Expectations of Samurai Women
- Tragic heroine: the woman who kills herself when her husband dies.
- Loyal Wife: the woman who is taken captive but retains her husband’s honor under questioning, torment, and more.
- Stalwart Mother: the woman who trains her son to take vengeance for his father.
- Merciful woman: the woman who encourages a samurai to indulge “unmanly” empathy, such as sparing an enemy’s family.
- Seductress: the woman who distracts a man from his duty.
- Spoils of war: women to be slaughtered or given to men as a reward for heroism.
As you can tell, half (or perhaps all?) of the roles are negative. The merciful woman inevitably causes her husband to die by the hand of those he spares. The first three – tragic heroine, loyal wife, and stalwart mother – exemplify samurai ideals. Be loyal to death. Protect the family’s honor. The other three – merciful woman, seductress, and spoils of war – are roles a good samurai woman are to avoid.
Now, I am being a little misleading. The battle tales predate the samurai class, but they were used by the class as a source for their ideas, among other sources. During the time of these battles, particularly the Heian and Kamakura periods, women in the forming samurai class were called bushi (ぶし). Bushi were women pioneers that helped settle new lands. And yes, that sometimes involved fighting. Bushi trained in the use of naginata, a halberd-like weapon useful for both fighting a man and a horseman. The naginata was considered the best weapon for women – although men used the weapon as well – because of women’s natural disadvantage in close quarters fighting. Naginata wielding women became an iconic image during the Warring States Period (Amdur, 1996).
As pioneers, bushi were expected to defend their families, build homes, farm, and just about anything else the American pioneer women did during the expansion of the United States. This background of being tough and loyal to the family became the foundation of what samurai women were expected to be.
Warring States Period
The samurai class was firmly established during this period of history. Because of the constant warfare between the city states, samurai women had many brutal challenges placed upon them. Women were often the final defense of the town or castle. They would also lead other women to battle. In one account, the wife of a samurai lord, after witnessing women and children killing themselves, armed herself, lead 83 surviving soldiers, and challenged the enemy general. The general, claiming women are unfit to be warriors, retreated from her. He managed to escape when his soldiers attacked the woman’s squad. She cut her way through the mess and back to the castle (Amdur, 1996). These tales made naginata wielding women a new part of the samurai ethos.
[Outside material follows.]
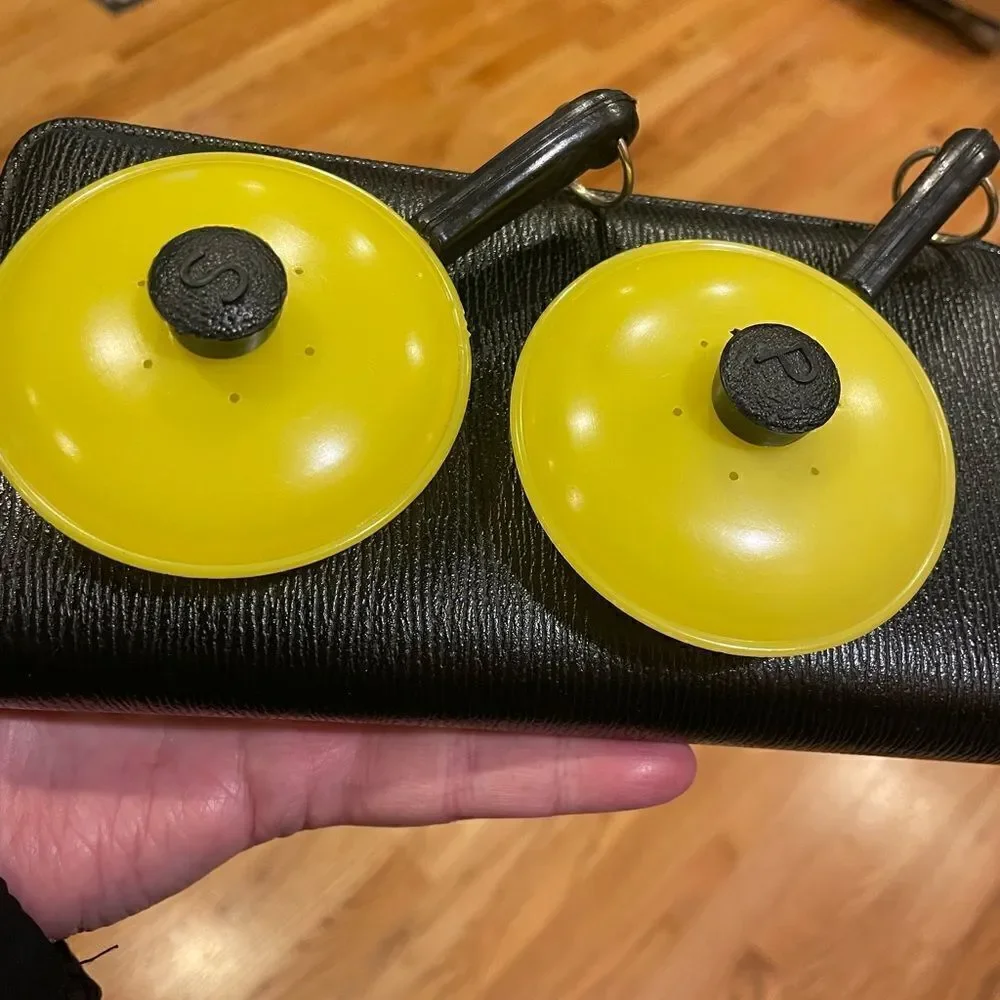 Vintage Yellow Frying Pan Salt and Pepper Shakers Hong Kong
However, the main weapon women used showed just what was expected of her. The kaiken (Not the kaioken of Dragonball Z, by the way) or dagger was carried by bushi women at all times. They were not expected to actually fight with the dagger. After all, she would often face several men armed with spears and katana. If she was captured, she was certain to face rape and be used to dishonor her family and husband. Instead, the kaiken was used for jigai. Jigai was the female version of seppuku, only instead of spilling her guts all over the ground, she cut her jugular vein. This avoided an “ugly” death that would be an affront to the dignity of a samurai woman (Amdur, 1996).
During this period, bushi were expected to make the family and her husband her entire life. Then her male sons and her mother-in-law. I already wrote about these expectations if you want to learn more.
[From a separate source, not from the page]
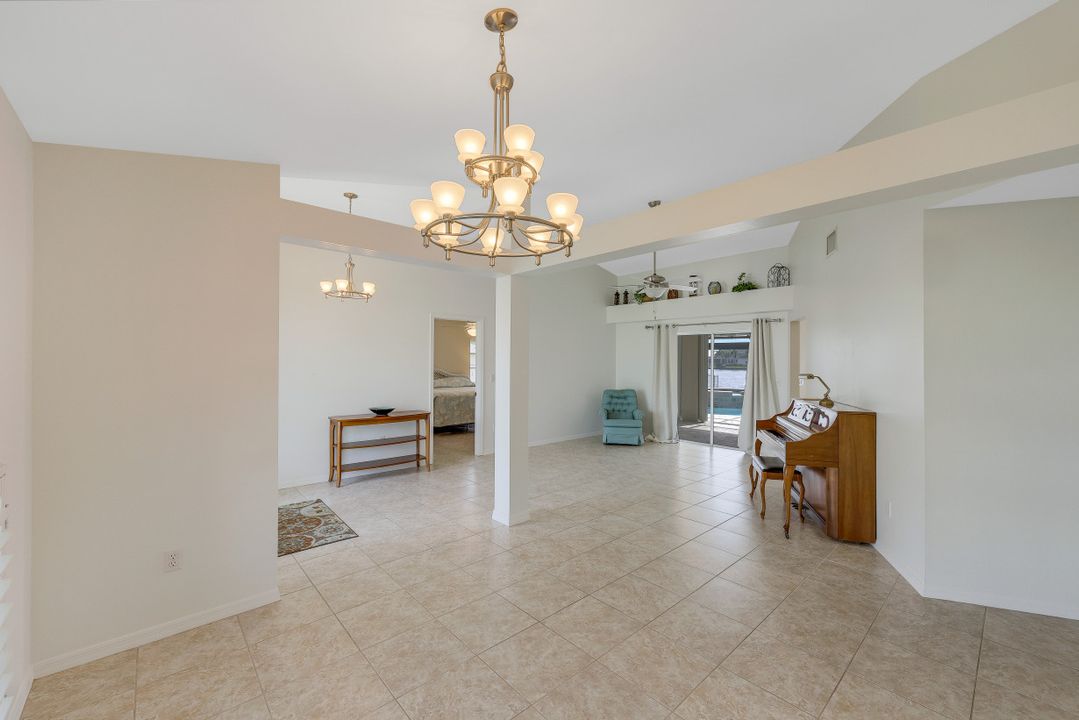 1127 SW 6th Ave, Cape Coral, FL 33991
Above all, samurai women were expected to be strong, subservient, and endure.
Tomoe, the Legendary Woman Samurai
One bushi in particular is enshrined in Japan’s battle chronicles. Tomoe Gozen appears with other women in Heike monogatari, a chronicle of the Genpai War. Tomoe was a legend for her skill as a mounted warrior, archer, and her beauty. There are various conflicting accounts of her lineage and final fate, but the attention she garnered shows just how impressive she was in a patriarchal society. A noh play even suggests Tomoe may have retired and became a noh entertainer (Brown, 1998).
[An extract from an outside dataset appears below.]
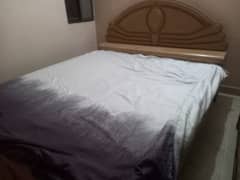 Wodden bed king size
In any case, Tomoe appears during the battle of Yokotogawara. There, she kills seven mounted samurai. Two years later, she is appointed as Kiso no Yoshinaka’s commanders and leads 1,000 horseman to a crucial victory. In 1184, she survives a debacle that the chronicle says reduced her force from 300 warriors to just five. Soon after, Tomoe appears in one final battle. In one account, Tomoe is denied a warrior’s death. Her lord, in fact, orders her away from the battlefield despite her desire to die beside him in the final fight. Like a samurai woman should, she obeys his orders to retreat, reports the result of the battle to his wife and child, and prays for her fallen lord. After this final battle, Tomoe’s life becomes speculation. She is said to have married Wada Yoshimori that produced a legendary warrior Asahino Saburo Yoshihide. The legend also states he inherited his immense strength from his mother (Brown, 1998).
Whether or not the Asahino’s lineage is historical doesn’t matter. What matters is how important Tomoe was. She became one of the best examples of what a samurai woman was supposed to be. She was denied a warrior’s death, but the chronicle makes it plain that she was not dishonored by following her lord’s final order. While she may be an exception, the fact she became a legend is a male-oriented society is important to consider. She became the leading commander of Yoshinaka’s army and trusted to report a final message to his wife. The chronicle illustrates the expectation of samurai women to endure – even endure what Tomoe would have considered the dishonor of retreating from a warrior’s death.
The exploits of samurai women like Tomoe became popular subjects for kabuki theater. While the roles are played by men – called onnagata – female warriors became a popular theme. One play, called Kagamiyama or Mirror Mountain premiered in 1782 and appealed directly to samurai class women. The play’s portrayal of life in a lord’s home and the behavior of the women must have been close to reality because of the play’s popularity. It was based on true incidents of a samurai class maidservant taking revenge for the humiliation of her mistress in 1724. So about 550 years after Tomoe, samurai class women were still involved in fighting and vengeance (Klens-Bigman, 2010).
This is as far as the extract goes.